Mapbox is another company that provides services similar to Google, including OSM-based maps and some great satellite imagery. Their pricing for our scale of usage is opaque, and frankly they are another profit-seeking company like Google, and, like Google, you have to use their software to access their data. No idea how frequently they roll in new OSM data, or how accessible they are in China, so it’s not clear to me what the advantages over Google would really be. It is clear it would be a lot of work and probably cost more than $0 / month.

Add the “Standard” OSM map tiles hosted by the Open Street Map Foundation as optional basemaps on iNat

I actually contacted OSMF last year and someone got back to me saying they’d be ok with this, but that they’d block us if we sent them too much traffic. That seems totally reasonable to me, and this would be mostly easy to try (need to redo the way people choose the basemap on the web, at least), but it’s not clear to me if that’s what people really want, hence my question at the top. Most people seem to prefer maps with topographic info, which the OSMF tiles don’t provide. On top of that, I think this additional option would probably be confusing for the majority of people on iNat, so we might need to make it opt-in.

Add some other OSM-based map tiles hosted by someone else

E.g. Maptiler Cloud, Thunderforest / Gravitystorm, etc. Same issue with confusing people who don’t know what OSM is, plus we have to take on new costs unless someone wants to offer it for free (doubtful). About the same level of engineering as using the “standard” OSMF tiles.

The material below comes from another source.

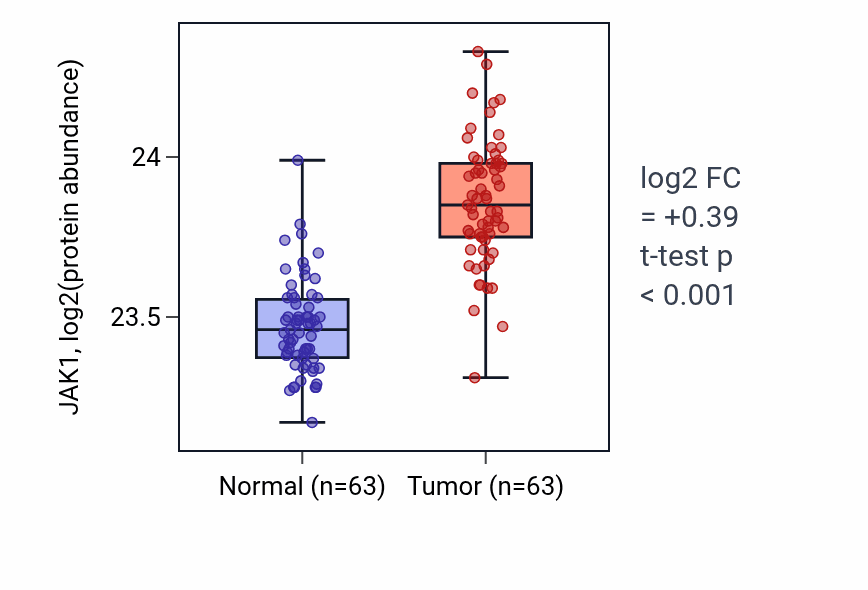 Tumor-vs-normal mass-spec protein box plot for JAK1 in CCRCC.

Add some other OSM-based map tiles that we host

Possibly more cost-effective than using hosted tiles, but really hard to say. We would probalby purchase the data from someone like Maptiler, and we’d also have to keep it up to date, and pay for all the network traffic. Lots more work on the devops side of things, work that will continue indefinitely and get harder if we continue growing.

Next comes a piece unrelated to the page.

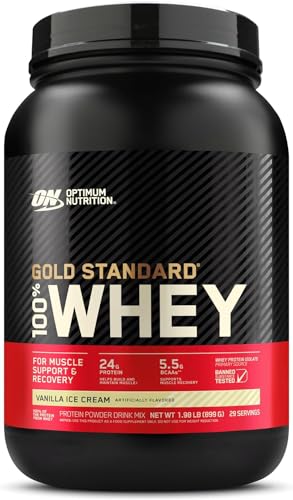 Optimum Nutrition Gold Standard 100% Whey Muscle Building and Recovery Protein Powder With Naturally Occurring Glutamine and BCAA Amino Acids, Vanilla Ice Cream Flavour, 30 Servings, 900 g - Vanilla Ice Cream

Honestly this isn’t super high priority and I’m mostly just diving in because our Android contractor needs new work and this was on our roadmap. Just adding the OSMF tiles as an option would be relatively straightforward and if that’s what people want, we can do that in our next round of development and get it into the Android app (and maybe the web) next month. If topo info is a requirement, I can start reaching out to providers like Maptiler and Thunderforest / Gravitystorm about pricing, so that will slow things down a bit. I don’t think totally redoing our maps is on the horizon at the moment.